And from this, I think maybe I found the two pieces of info I needed:

  • First instruction byte: windows_specific.size_of_headers (512)
  • RIP starting value: address_of_entry_point (12586)

But I'm basically guessing. Could anyone more familiar with this meta data explain the correct properties to look at to get the info I need?


Solution

  • Windows executable file begins with 16bit DOS stub. Double word at the file offset 60 contains offset of DWORD PE signature, in your example it is 60: 80 00 00 00, i.e. 128 in decimal. PE signature is immediately followed with COFF file header (file offset 132). You may want to confront your hexadecimal dump with structure of headers in assembly language. COFF_FILE_HEADER.Machine is 132: 4C 01, i.e. 0x14C which signalizes 32bit executable.
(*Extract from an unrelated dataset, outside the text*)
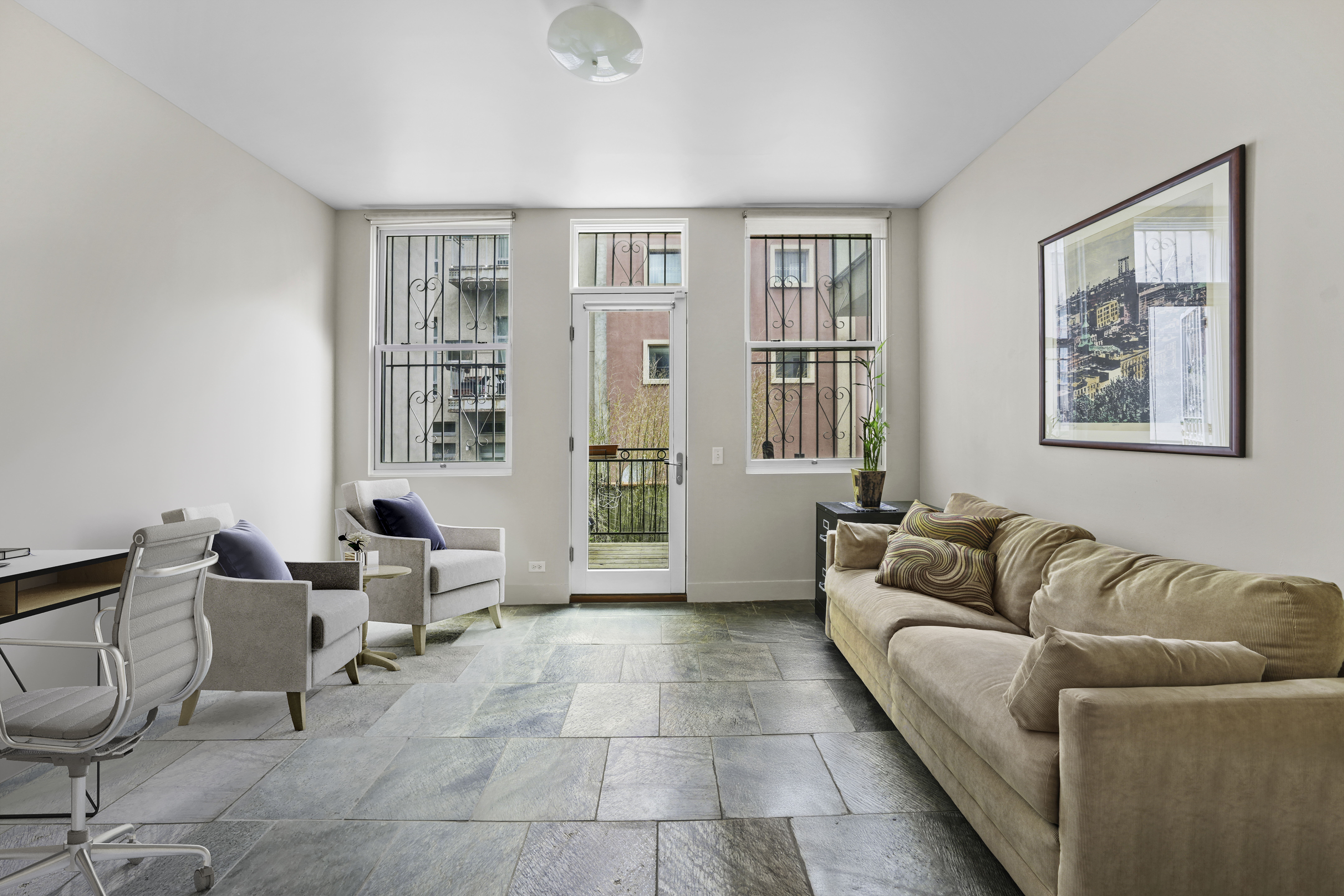 133 West 123rd Street Manhattan, NY 10027 - Photo 14 of 31 a living room with furniture and a window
In 64bit executable it would be 0x8664.

    File header is followed by COFF section headers. You are interrested in those sections, which have set bit SCN_MEM_EXECUTE=0x2000_0000 in COFF_SECTION_HEADER.Characteristics.

    COFF_SECTION_HEADER.PointerToRawData specifies file offset of the start of code. Dissect out .SizeOfRawData bytes which start at this file offset and submit that portion of code it to your disassembler. Beware that on run-time the code will be in fact mapped to .VirtualAddress, different from .PointerToRawData.